◆ **DATA SECTION**:

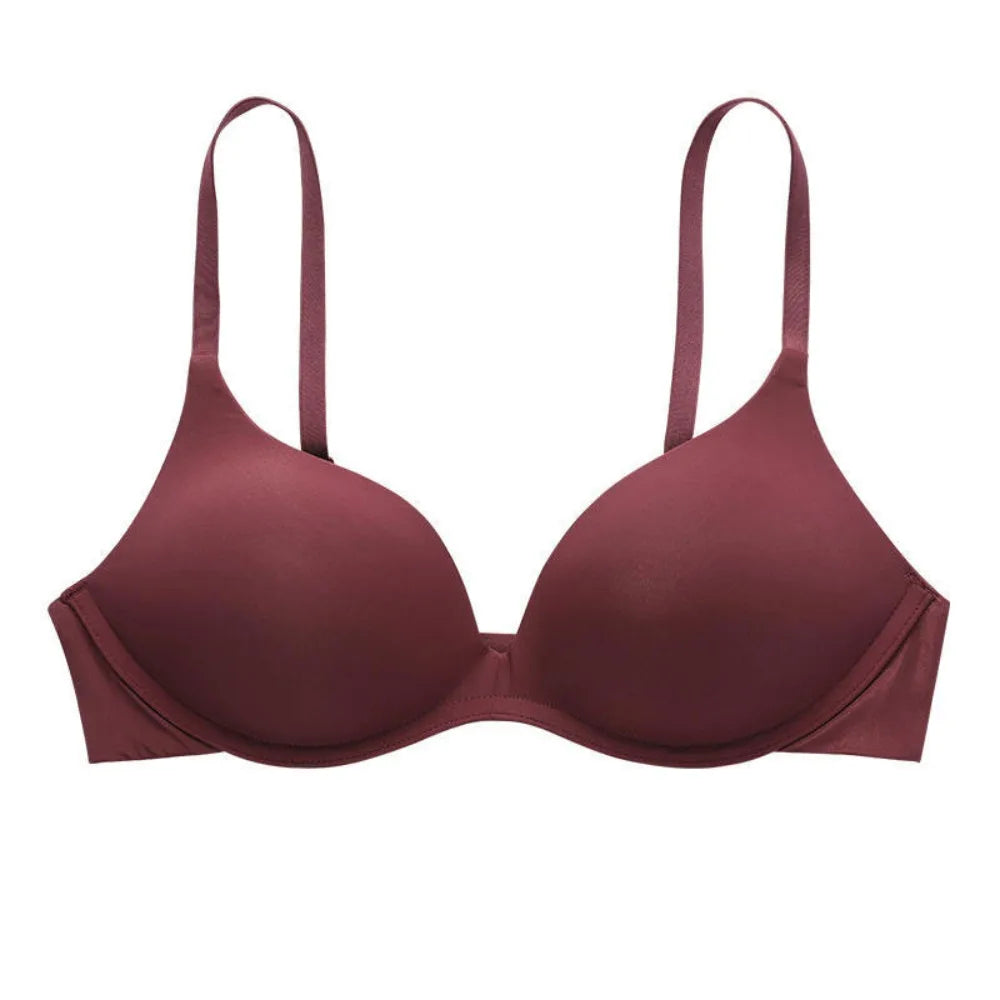 Solid Color Adjustable Push Up Bra Anti-sagging Shockproof Seamless Underwear Lingerie Wireless Deep V Bra Women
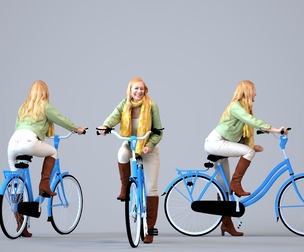 00051_Linda006 Adult Caucasian woman cycling through public space in transitional seasonal clothing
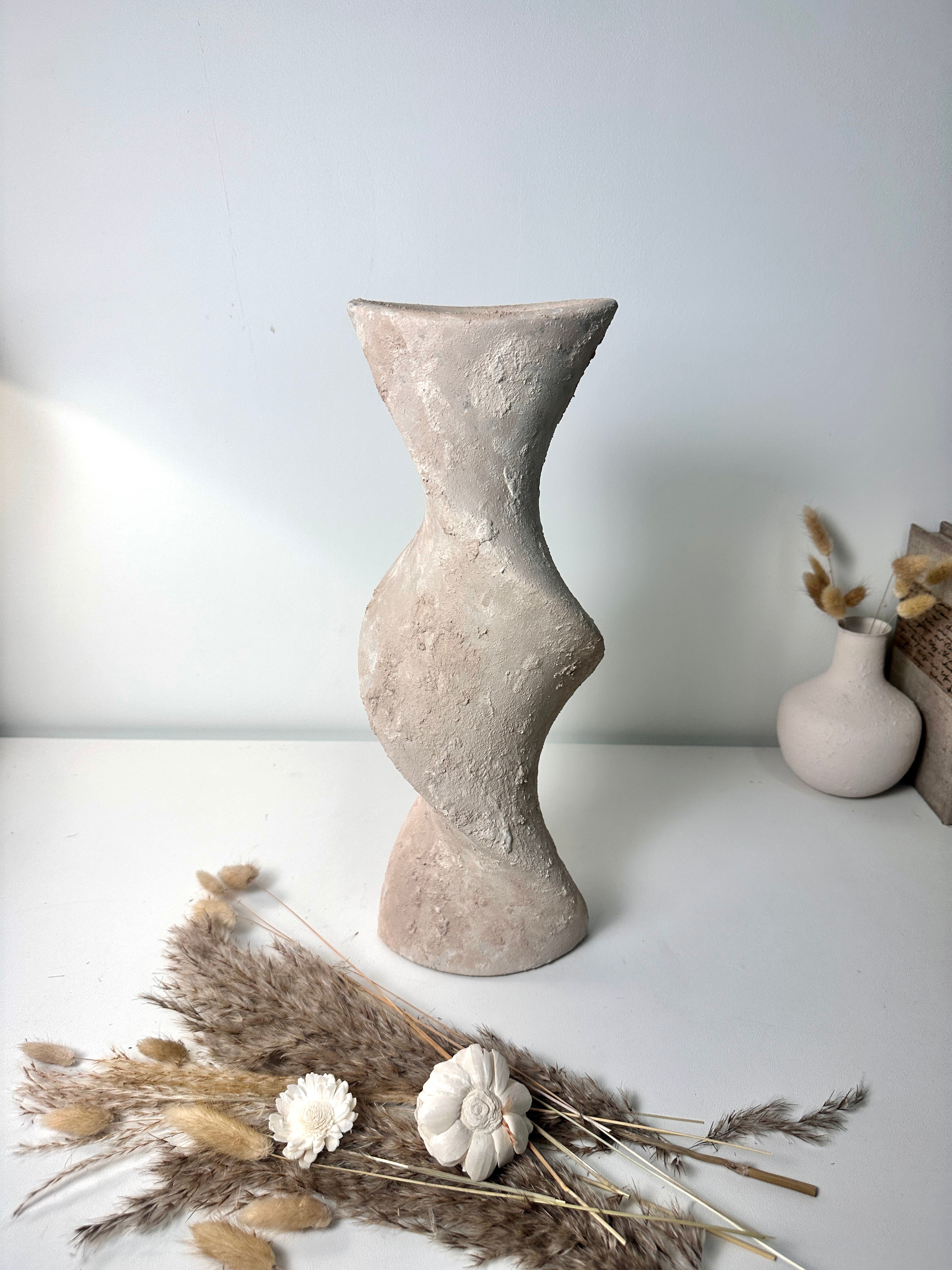 Minimalist Twisted Textured Hand-painted Ceramic Vase 16" Light Beige Wash
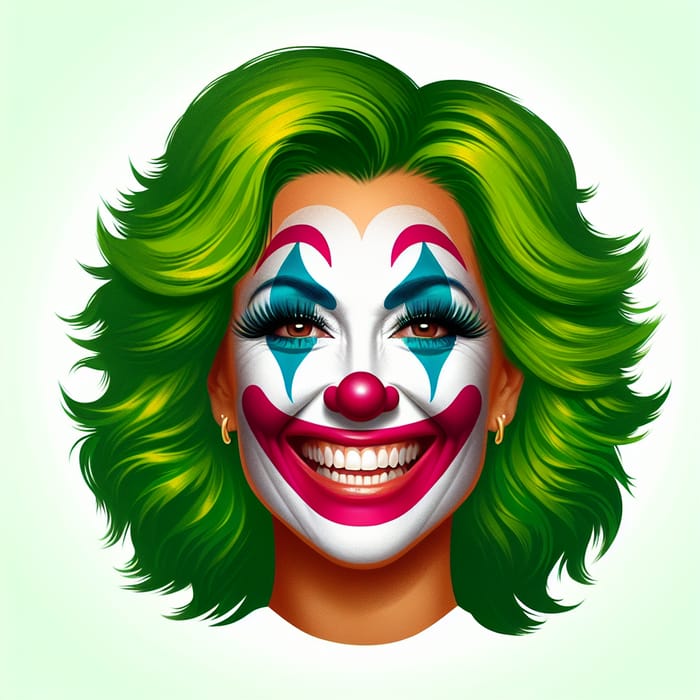 Vibrant Green-Haired Clown with Laura Bozzo's Face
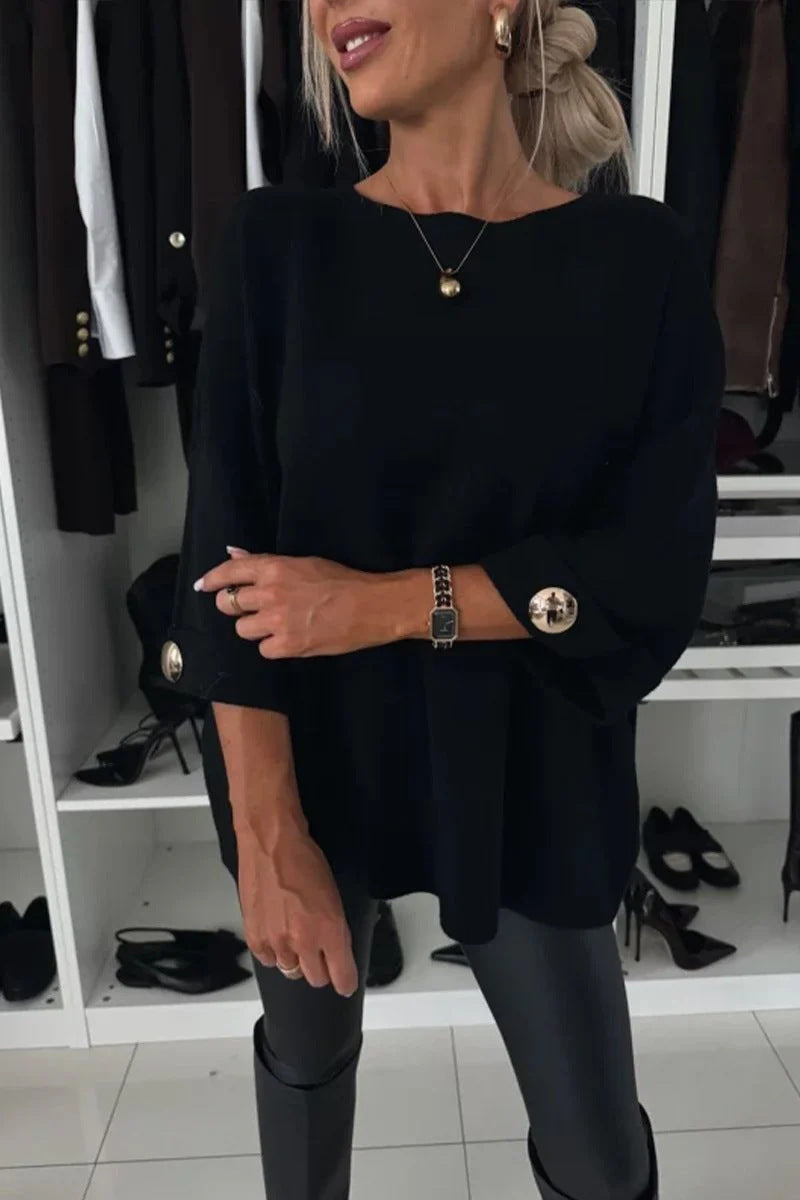 Damer oversized strikkegenser med dekorative knapper Skjora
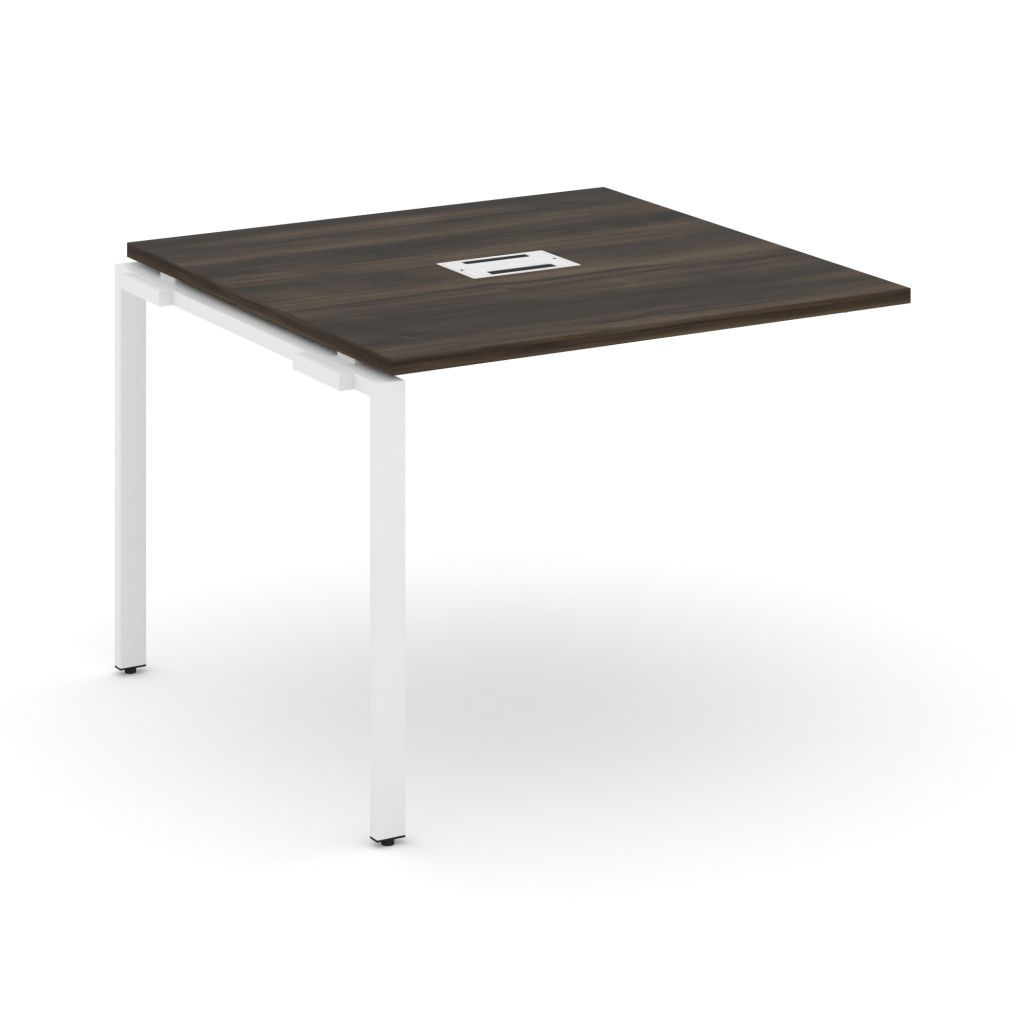 Проходной наборный элемент переговорного стола Концепт 980*980*750 Концепт Дуб Мали/Металл Белый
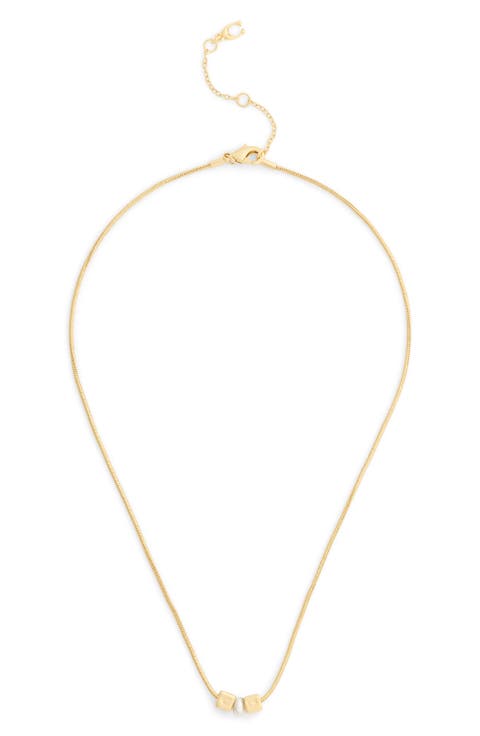 Cube Imitation Pearl Short Pendant Necklace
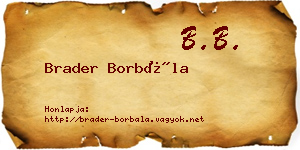 Brader Borbála névjegykártya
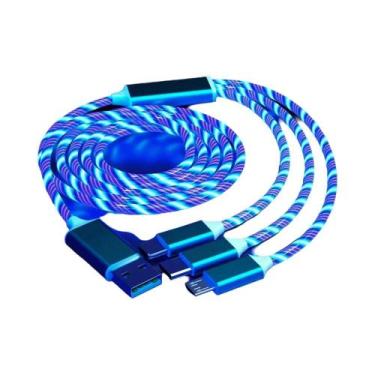 Imagem de Cabo Micro USB Tipo C 3 Em 1 Com LED Brilhante E Carregamento Rápido 3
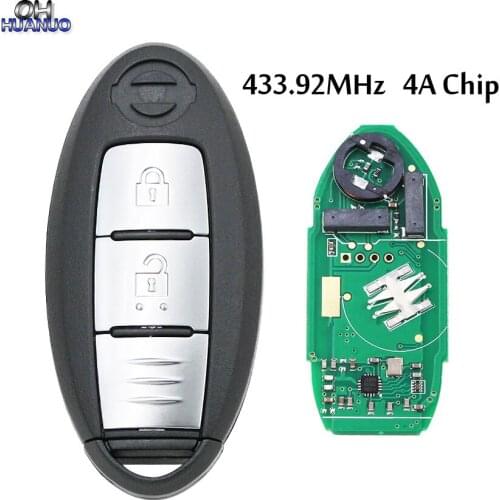 Car Smart Remote Key 2 Button 433.92MHz 4A Chip Fit for NISSAN Qashqai X-Trail Keyless Entry Controller for Continontal PULSAR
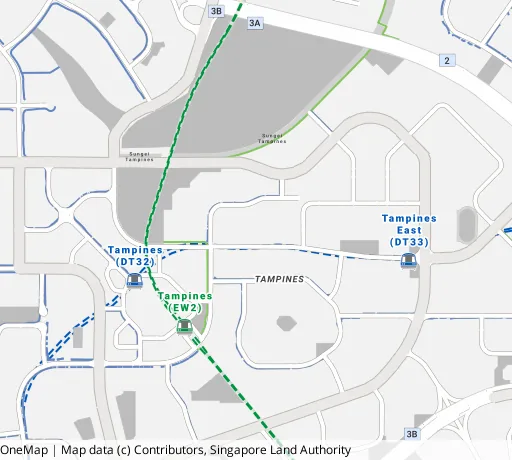 Map of the area around Blk 424 Tampines St 41 in Tampines, showing 400 m and 1 km rings and 5 primary schools within 1 km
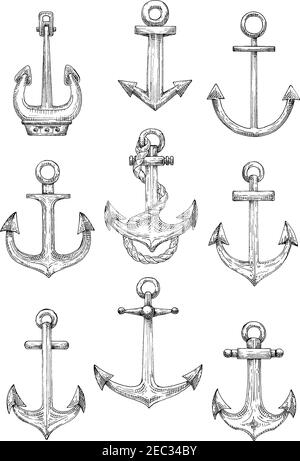 vintage engraving sketches of nautical ships anchors with twisted rope use as navy heraldry marine themed tattoo and yacht club design 2ec34by
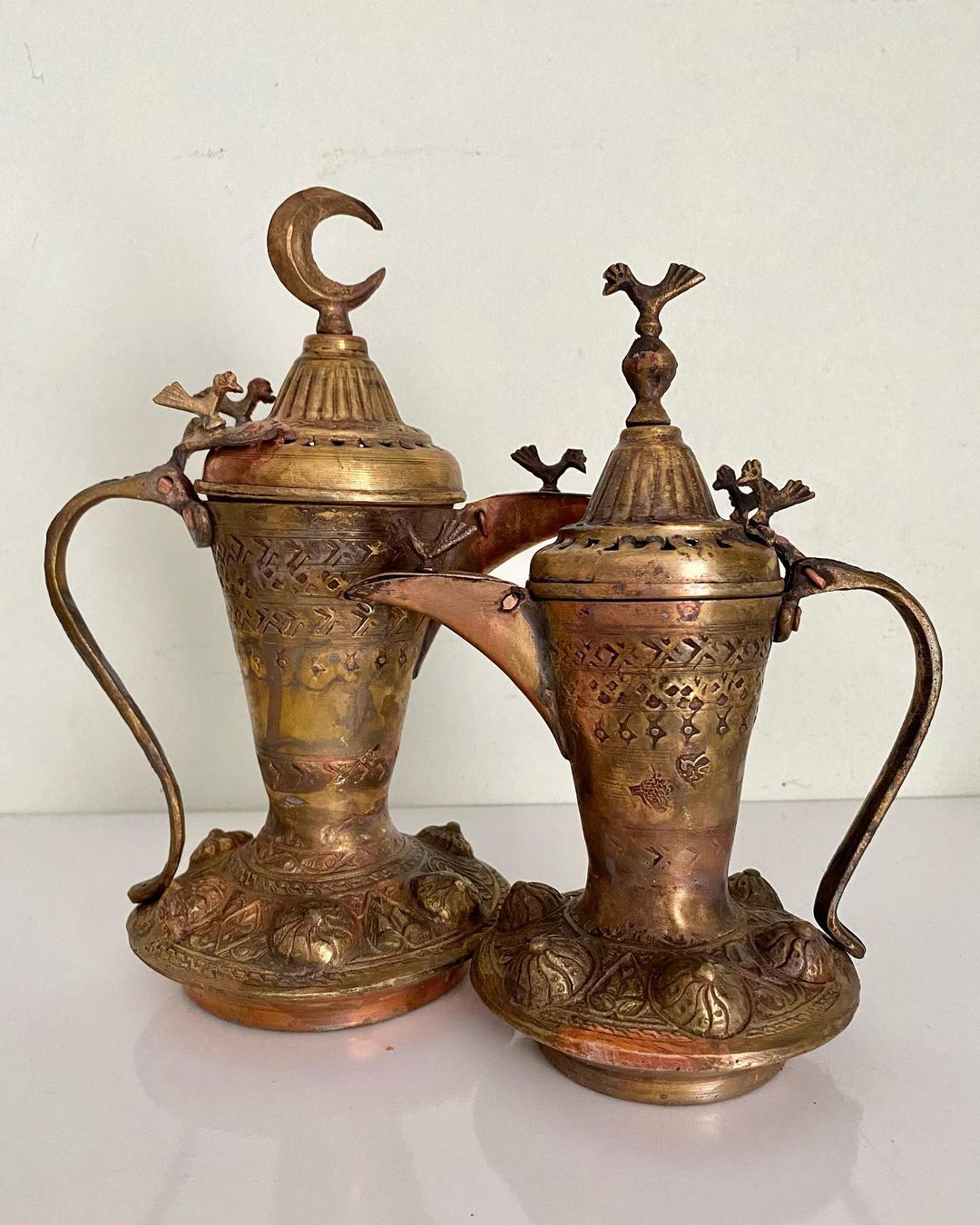 Antique Brass Mırra Coffee Pot Set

◆ **YOUR TASK**: Repeat the lines exactly as they stand, from the opening line of the data through the line with "Car Smart Remote". Pictures stay out of the copy.

◆ **YOUR SOLUTION**:
 Solid Color Adjustable Push Up Bra Anti-sagging Shockproof Seamless Underwear Lingerie Wireless Deep V Bra Women
 00051_Linda006 Adult Caucasian woman cycling through public space in transitional seasonal clothing
 Minimalist Twisted Textured Hand-painted Ceramic Vase 16" Light Beige Wash
 Vibrant Green-Haired Clown with Laura Bozzo's Face
 Damer oversized strikkegenser med dekorative knapper Skjora
 Проходной наборный элемент переговорного стола Концепт 980*980*750 Концепт Дуб Мали/Металл Белый
 Cube Imitation Pearl Short Pendant Necklace
 Brader Borbála névjegykártya
 Imagem de Cabo Micro USB Tipo C 3 Em 1 Com LED Brilhante E Carregamento Rápido 3
 Car Smart Remote Key 2 Button 433.92MHz 4A Chip Fit for NISSAN Qashqai X-Trail Keyless Entry Controller for Continontal PULSAR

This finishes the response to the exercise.